Buddha Plays 18
Teacher’s Comments: Unlike many in the genre, this is a worthwhile read.
I think that it all must have started with publication of “Golf In The Kingdom ,” Michael Murphy’s 1971 book about a golfer’s encounter with a mystical golf guru in the hills of Scotland. Since that decisive moment, dozens, if not hundreds of books have been written on the metaphysics of golf. I’ve read more than I care to admit, and have found most to be either unapproachably obtuse, or just plain ludicrous.
Edward Balian’s Buddha Plays 18, on the other hand, is both approachable and somewhat sensible. It’s actually the first of the genre that I thought usable by the average golfer.

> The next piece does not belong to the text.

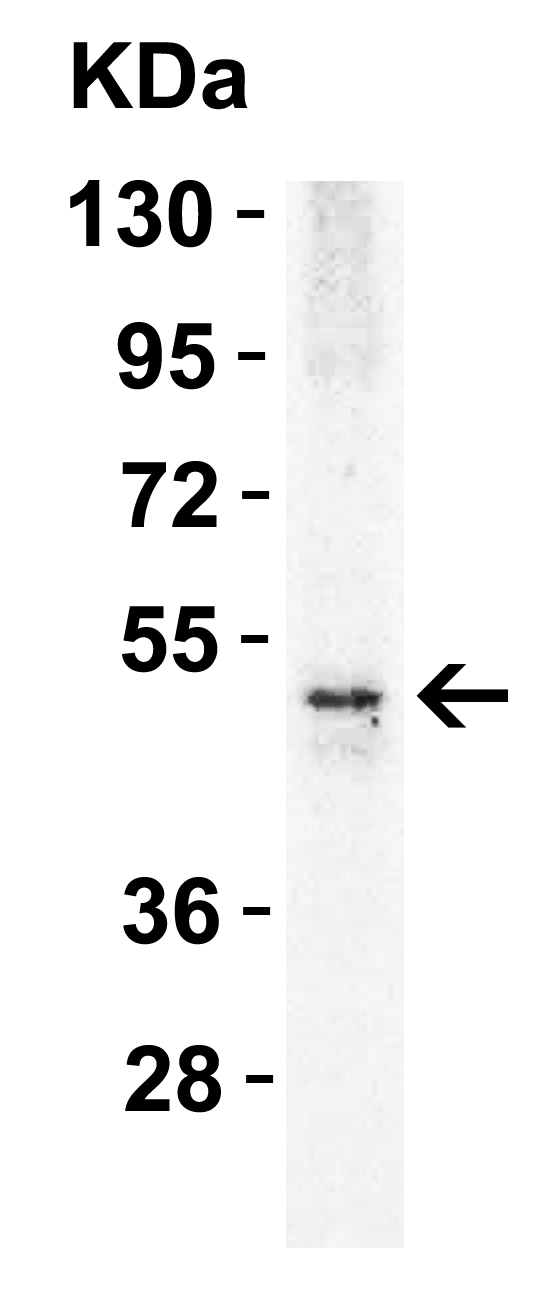 a00410 2 tnfrsf10b primary antibodies wb testing 6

The premise of Buddha Plays has the author serving as a caddy for Buddha during a round of golf (yes, thats ridiculous, but stick with me here.). During this round, as Buddha is confronted by various golfing “situations,” he explains to his caddy/disciple the proper applications of the principles of the Eightfold Path. Thus, it’s less “be the ball” or “let the mystical energies flow through you,” than it is practical.
For example, in the pursuit of “right thinking” Buddha says he treats misfortune on the course as opportunity.
“In fact nothing here is ever really bad. I’m merely confronted with some new exciting challenges in my next shot you need to see it that way. Your journey has challenges not errors. Change the negative words you use to positive words and your brain will eventuality get the message. Then your thinking will change the same way, from negative to positive.”
To this end, he calls “sand traps,” “sand opportunities” and relishes the challenges afforded by difficult lies.
Balian also manages to relate the “Four Noble Truths” to the golf game:
1) Golf is suffering
2) Your golf desires, or attachments, continually feeds your suffering while on the course (eg. Desire for ten more yards, one putts, perfect weather)
3)Eliminate your attachments and you will alleviate your suffering
4) Practicing the Eightfold Path is the only way out of your suffering.
Great quote: “To those who have never played the game please just trust that at the international hall of fame for suffering the game of golf has a entire wing of its own built right on the premises.”
I am not normally one to subscribe to eastern mysticism, but I agree with much of what Balian writes. Indeed, I have always thought of golf misfortune as an opportunity to use creativity to solve a puzzle. It’s the puzzles that golf offers that keeps me most interested in the game. I am reminded of a line in Jonathan Livingston Seagull (not coincidentally dating to about the same time as Golf in the Kingdom – 1970): You seek problems because you need their gifts
As an aside, I wonder what golf’s Scottish fathers would have thought of the application of Eastern Philosophy to golf. Scotland is, after all, the home of Common Sense Realism, and of such philosophers as Francis Hutcheson, David Hume, and my favorite, Adam Smith. Heh. I may have to write a book about my mystical encounter with those luminaries on a haunted course.
In the end, I found Buddha Plays 18 to be a worthwhile read. It’s light—I finished it in about an hour—and enjoyable. I think that nearly every golfer can find something in its pages to help his game.